I started when CABE was a paper newsletter.  Still have all the copies.  Roger


----------



## REC (Nov 4, 2017)

I was shown the site by a friend and have been a member since the following day (12/6/2006). Spend a little time here daily, and am always learning something new.

REC


----------



## kingsting (Nov 4, 2017)

I go back to the print newsletter in the beginning .


----------



## barneyguey (Nov 16, 2017)

Since 2012 this time. I joined a few years earlier than the first time, but lost contact for a while and then joined again. Barry


----------



## bike (Nov 16, 2017)

2007 on the net
beginning of the paper...


----------



## WES PINCHOT (Nov 16, 2017)

I HELPED RICHARD TRUETT WHEN HE STARTED THE CABE NEWS LETTERS.
AND GAVE HIM A LONG LIST OF COLLECTORS WHO HAD ME ROLL FENDERS
STARTING IN 1989.  ALSO HELPED JOHN POLIZZI WITH HIS NBJ NEWSLETTER BY JOHN.

I ALSO VOLUNTEERED TO HELP JIM HURD AT THE OLD CHICAGO CYCLE
BUILDING WHERE THE SCHWINN FAMILY HAD THEIR BIKE COLLECTION.
AND VOLUNTEERED TO HELP JIM SET UP THE COLLECTION AT NORTH PIER
IN CHICAGO FOR THE BICYCLE MUSEUM OF AMERICA UNTIL THE FAMILY DECIDED
TO CASH OUT ON THE COLLECTION AT AUCTION IN '96. MOST OF IT WENT TO
A BUYER IN NEW BREMEN OHIO USING THE SAME BICYCLE MUSEUM OF AMERICA.

WHERE HAVE THE YEARS GONE?  NOW IN MY 81ST YEAR, I'M NOT SOLICITING
FENDER ROLLING ANY MORE.  BUT I STILL HAVE MY ORIGINAL SCHWINN KEY
COLLECTION, REPAIR AND REPLACE CYCLE LOCKS AND CUT 'AN' KEYS TO CODE!

SORRY ABOUT WANDERING OFF ON MY GOOD MEMORIES IN BIKE COLLECTING AND
ALL THE GREAT PEOPLE I HAVE MET AND/OR HELPED IN THEIR RESTORATIONS.
WES PINCHOT AKA 'THE FENDER DOCTOR'.


----------



## barneyguey (Nov 16, 2017)

WES PINCHOT said:


> I HELPED RICHARD TRUETT WHEN HE STARTED THE CABE NEWS LETTERS.
> AND GAVE HIM A LONG LIST OF COLLECTORS WHO HAD ME ROLL FENDERS
> STARTING IN 1989.  ALSO HELPED JOHN POLIZZI WITH HIS NBJ NEWSLETTER BY JOHN.
> 
> ...



 You and all the guys you mentioned,  are my heroes!


----------



## 2jakes (Nov 16, 2017)

I remember the 1990s newsletter doing bike reviews on the “1995” Schwinn Phantom Deluxe limited production made in the U.S.

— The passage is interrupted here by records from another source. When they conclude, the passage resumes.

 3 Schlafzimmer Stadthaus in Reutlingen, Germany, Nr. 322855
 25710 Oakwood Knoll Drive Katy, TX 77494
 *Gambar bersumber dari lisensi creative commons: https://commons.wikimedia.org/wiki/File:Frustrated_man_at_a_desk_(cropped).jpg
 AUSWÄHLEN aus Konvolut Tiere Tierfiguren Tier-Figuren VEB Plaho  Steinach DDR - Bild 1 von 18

Best time was the day the C.A.B.E. newsletters arrived.
 (Brian Kunzog Collection)




 When the local Schwinn shop was closing for good, I bought the store model at a very good price.
I ride this bike all the time and has not rusted or broken down.
I met Nic Frising, who did the drawings & ad illustrations for the C.A.B.E. newsletter. He had a nice
collection.


----------



## WES PINCHOT (Nov 17, 2017)

'Nic Frising'  IS TOPS IN BICYCLE ART FOR ALL THE MAJOR NEWS LETTER
COVERS AND POSTERS.   MOST ENJOYABLE TO ME!  CAN'T REMEMBER 
IF I EVER MET HIM BUT HE IS THE BEST OF THE BEST!


----------